Listening to "Say Aah" today, I blacked out a little bit and pretended if I was in the situation of one, Trey Songz. Instead of it being him, it was little ol' me at the bar saying the lyrics to a woman. This is how it would go....
Me: Shawty, you the baddest, and to meet you is an honor (lil mama?).
Bar Girl: Excuse me? What did you just say to me? Did you say "lil mama" under your breath in question form?
Me: Err...umm.....I got a table waitin', what you think about a convo?
Bar Girl: You don't have a table. This bar doesn't even have a VIP section. What are you trying to pull here? You have to answer at least one of my questions before we can even begin having a "convo."

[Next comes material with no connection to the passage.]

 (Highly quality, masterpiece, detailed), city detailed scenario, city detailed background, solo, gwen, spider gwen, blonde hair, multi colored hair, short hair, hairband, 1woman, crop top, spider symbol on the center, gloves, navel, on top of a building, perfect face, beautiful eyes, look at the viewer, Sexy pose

Me: (Shit, shit, shit) And if you like it baby we can take it to the condo? ::in a wildly uncomfortable tone::
Bar Girl: Smacks me.
Me: And if you like the condo..
Bar Girl: You are really starting to freak me out right now...You keep mumbling stuff under your breathe and you're just a weird person. I'm not interested!!
Me grimacing: We can move the party to the bedroom? I'ma beat your body like a congo....
Bar Girl: I'm going to tell the bouncer to kick you out of here and then I am going to call the police. You've accosted me, propositioned me, and overall treated me like a piece of meat, all the while rhyming as you do it like it's a game. I'm disgusted and hope that you get help you sick depraved bastard!!
Moral of the story: every hit song's lyrics are lies. Lies that lead you down a path to sexual harassment and prison.
Stray away from such tracks and leave it to the professionals people.